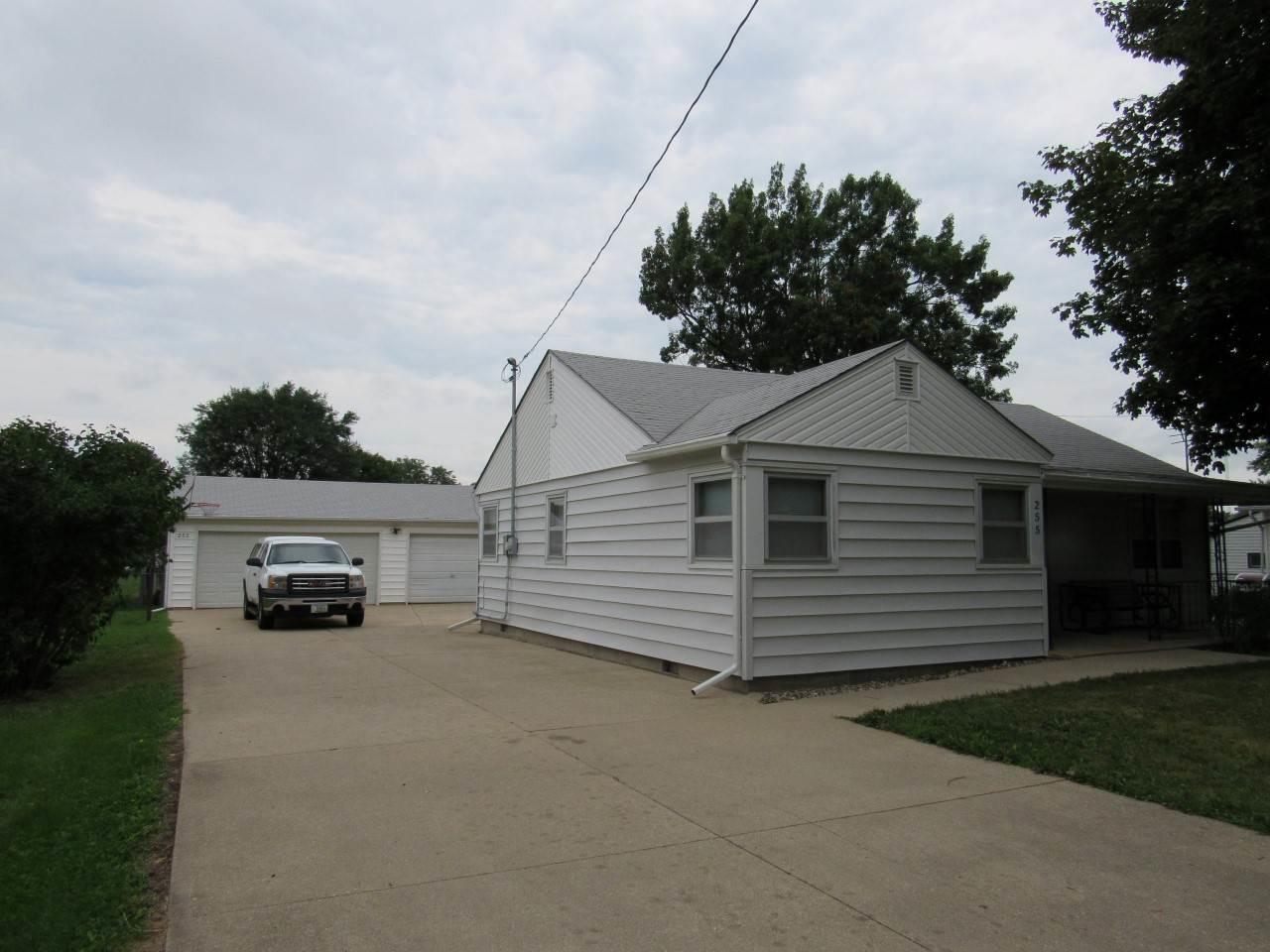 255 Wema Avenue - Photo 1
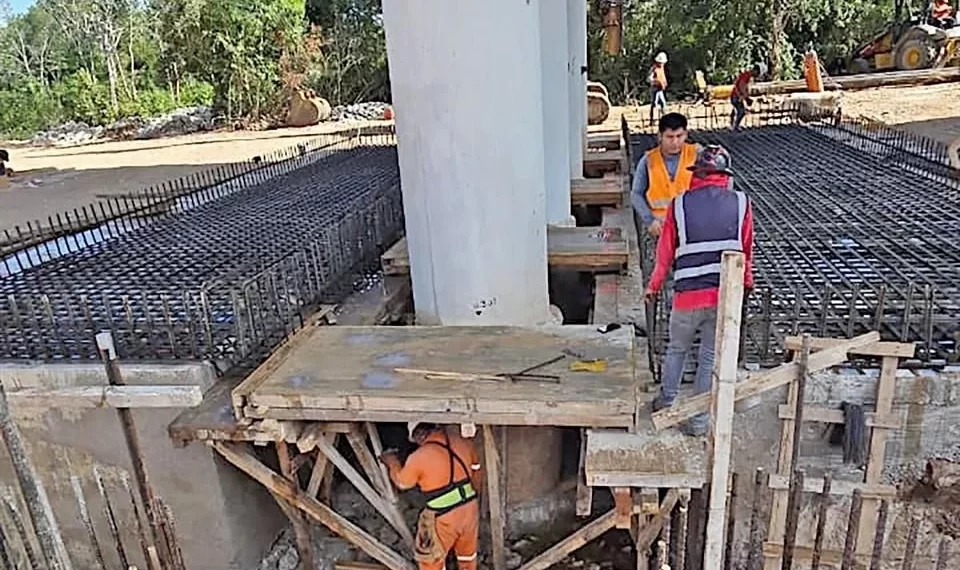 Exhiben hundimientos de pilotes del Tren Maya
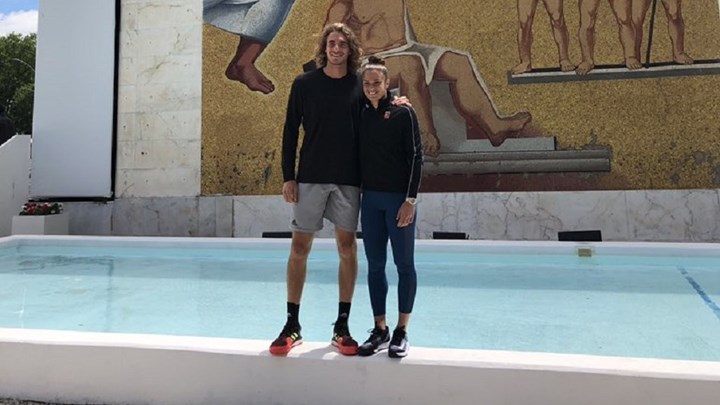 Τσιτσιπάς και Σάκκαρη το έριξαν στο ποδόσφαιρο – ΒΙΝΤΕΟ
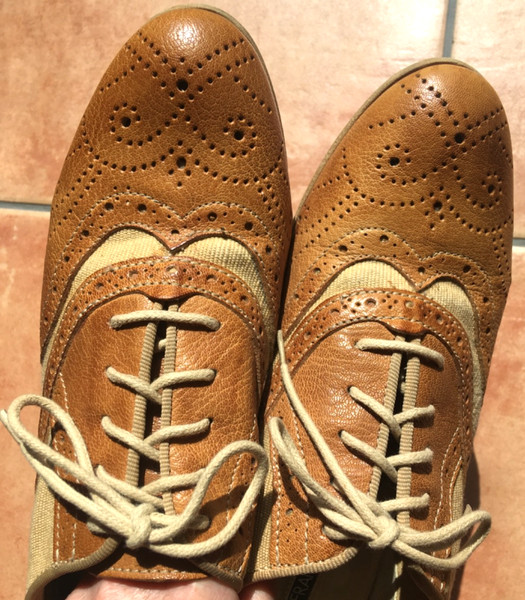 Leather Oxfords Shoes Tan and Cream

....................

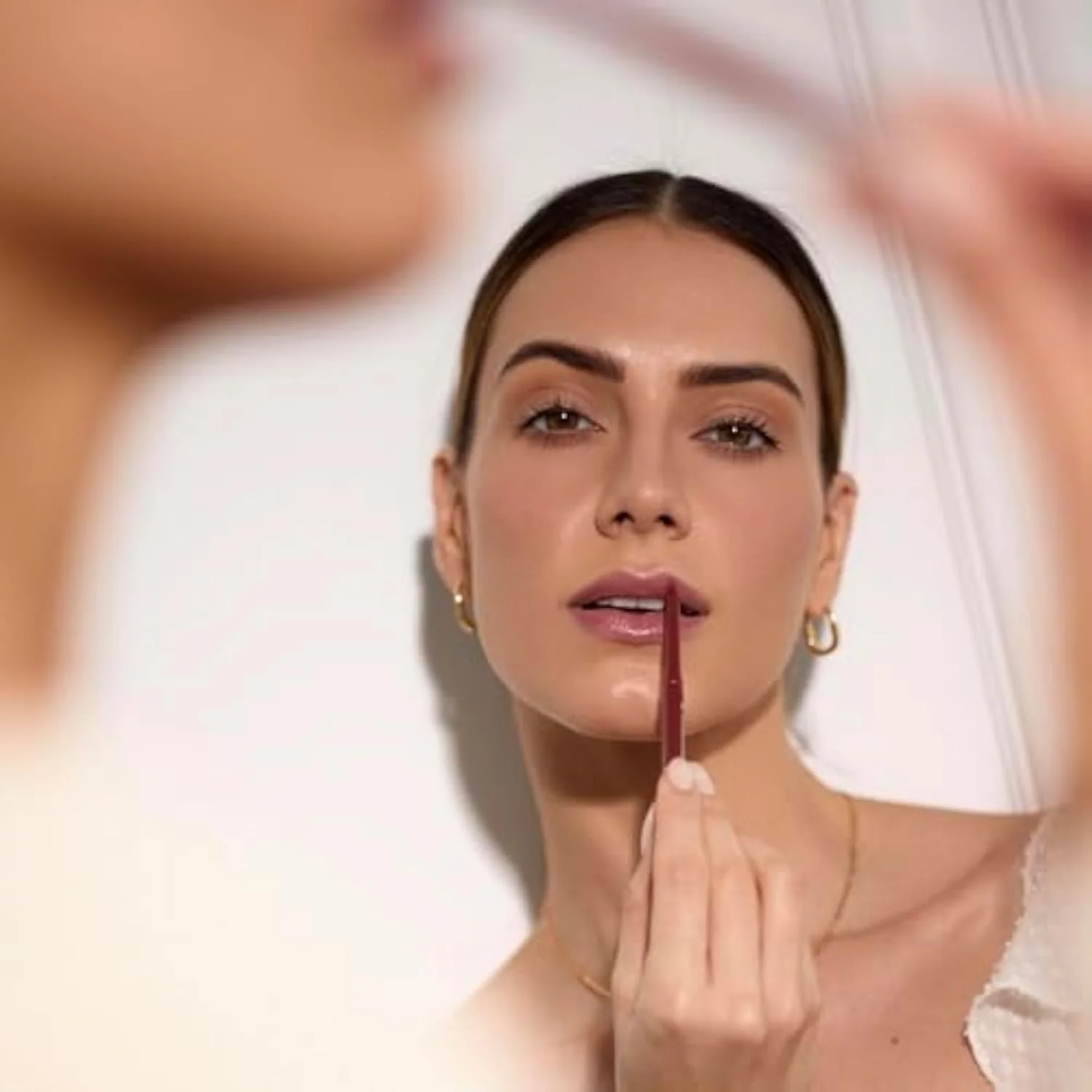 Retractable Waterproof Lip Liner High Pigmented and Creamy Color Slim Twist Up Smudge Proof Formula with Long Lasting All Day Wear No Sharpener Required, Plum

....................

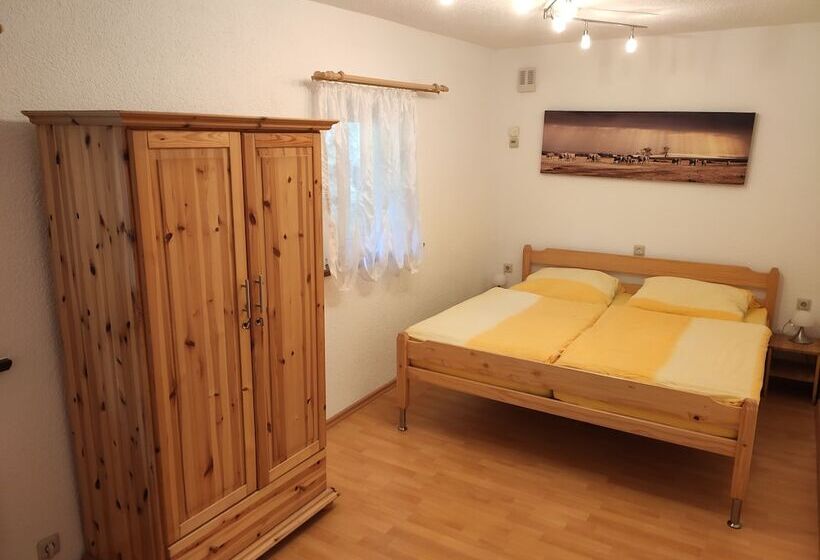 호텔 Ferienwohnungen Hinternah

....................

Brief. Give again the stretch of lines above from the one with "255 Wema Avenue - Photo 1" through the one with "Leather Oxfords Shoes Tan and Cream", both ends kept, and copy no pictures.

Result.
 255 Wema Avenue - Photo 1
 Exhiben hundimientos de pilotes del Tren Maya
 Τσιτσιπάς και Σάκκαρη το έριξαν στο ποδόσφαιρο – ΒΙΝΤΕΟ
 Leather Oxfords Shoes Tan and Cream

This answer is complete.